Dataset section =

Start of Block

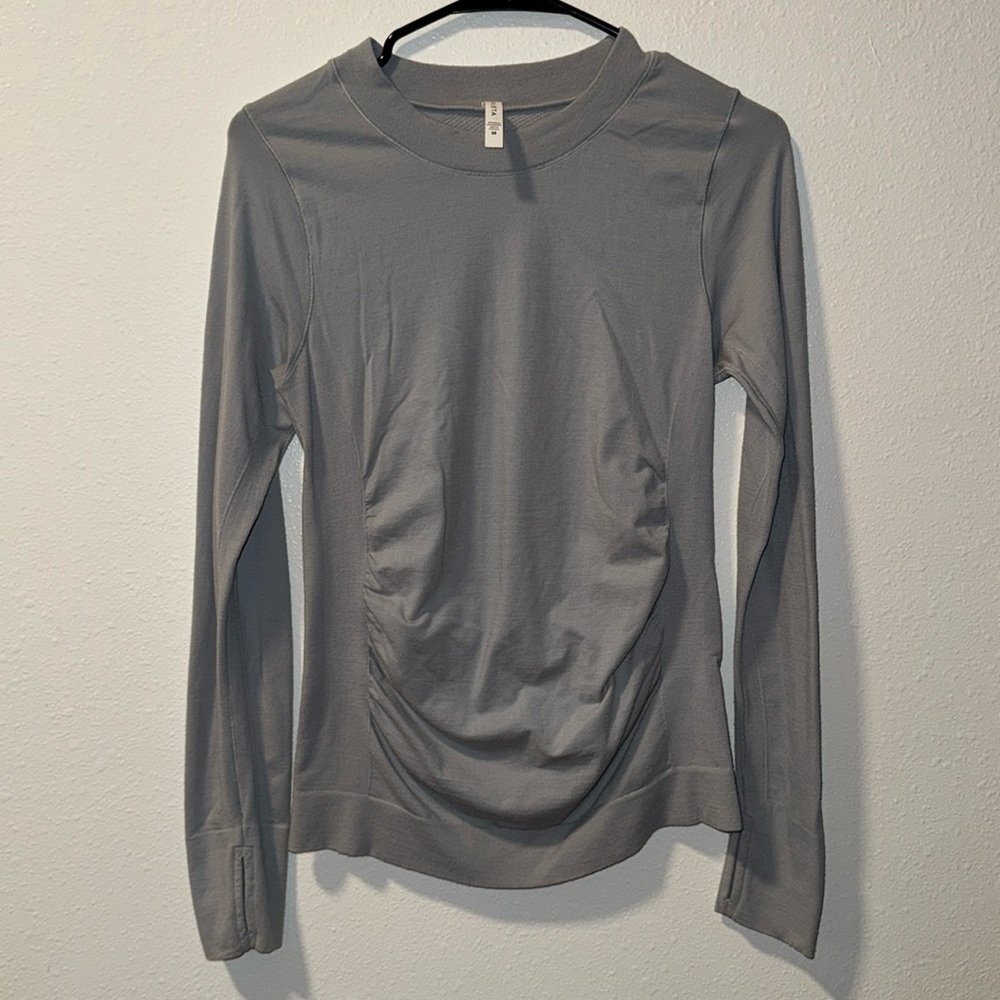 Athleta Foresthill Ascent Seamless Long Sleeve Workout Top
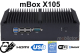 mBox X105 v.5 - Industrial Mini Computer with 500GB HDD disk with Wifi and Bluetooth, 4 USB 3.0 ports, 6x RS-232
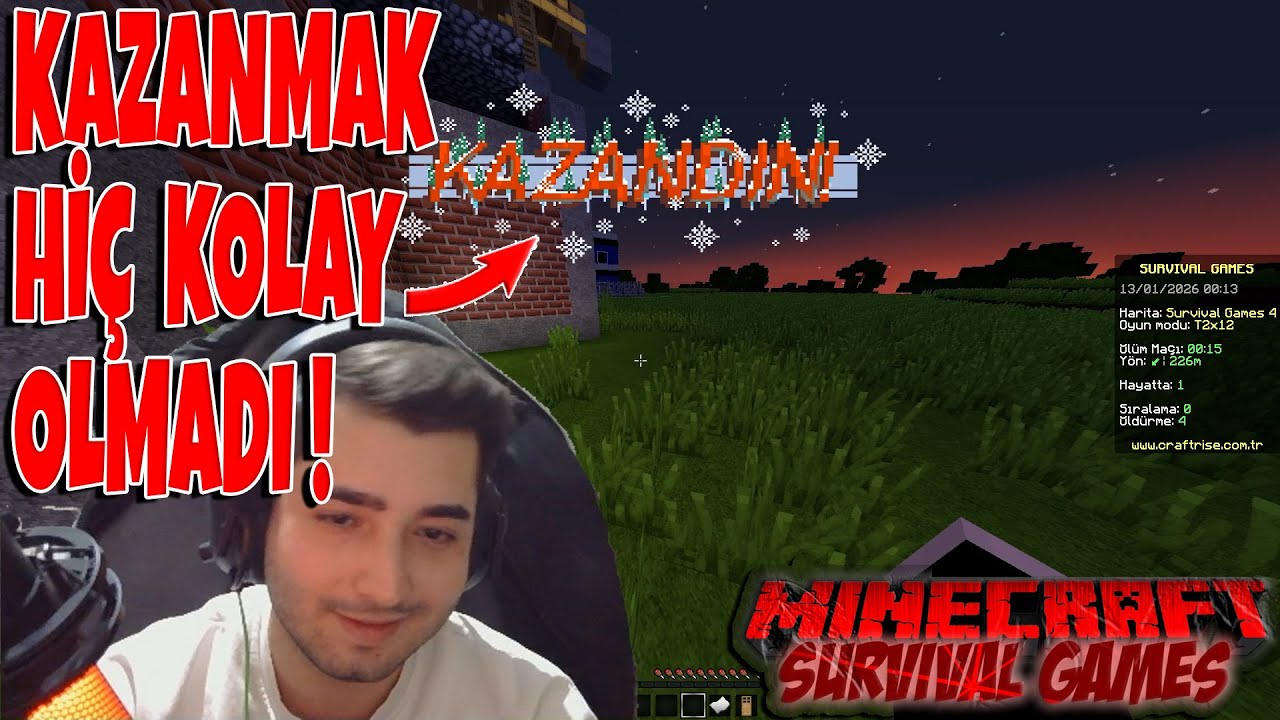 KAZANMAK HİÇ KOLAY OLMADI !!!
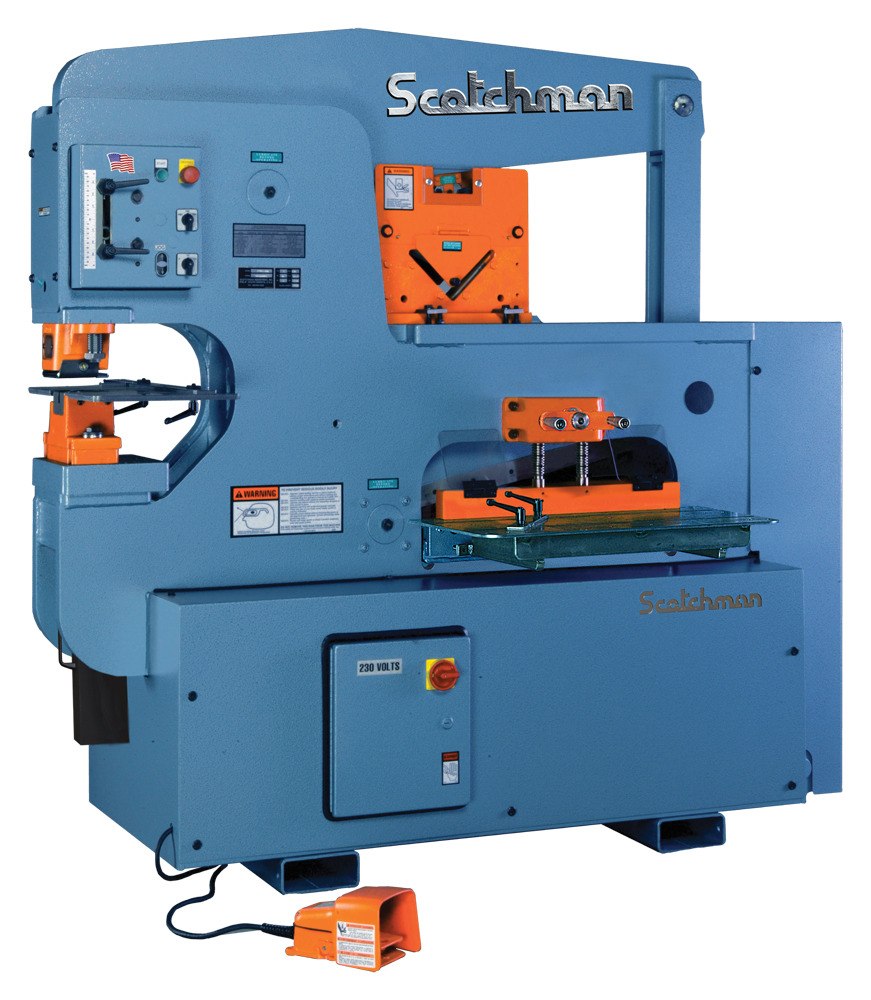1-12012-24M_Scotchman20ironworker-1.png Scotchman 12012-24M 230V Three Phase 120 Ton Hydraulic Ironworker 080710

End of Block

Your instructions =
Each line of the data must be transcribed exactly; pictures are not carried over.

Result for this exercise =
 Athleta Foresthill Ascent Seamless Long Sleeve Workout Top
 mBox X105 v.5 - Industrial Mini Computer with 500GB HDD disk with Wifi and Bluetooth, 4 USB 3.0 ports, 6x RS-232
 KAZANMAK HİÇ KOLAY OLMADI !!!
1-12012-24M_Scotchman20ironworker-1.png Scotchman 12012-24M 230V Three Phase 120 Ton Hydraulic Ironworker 080710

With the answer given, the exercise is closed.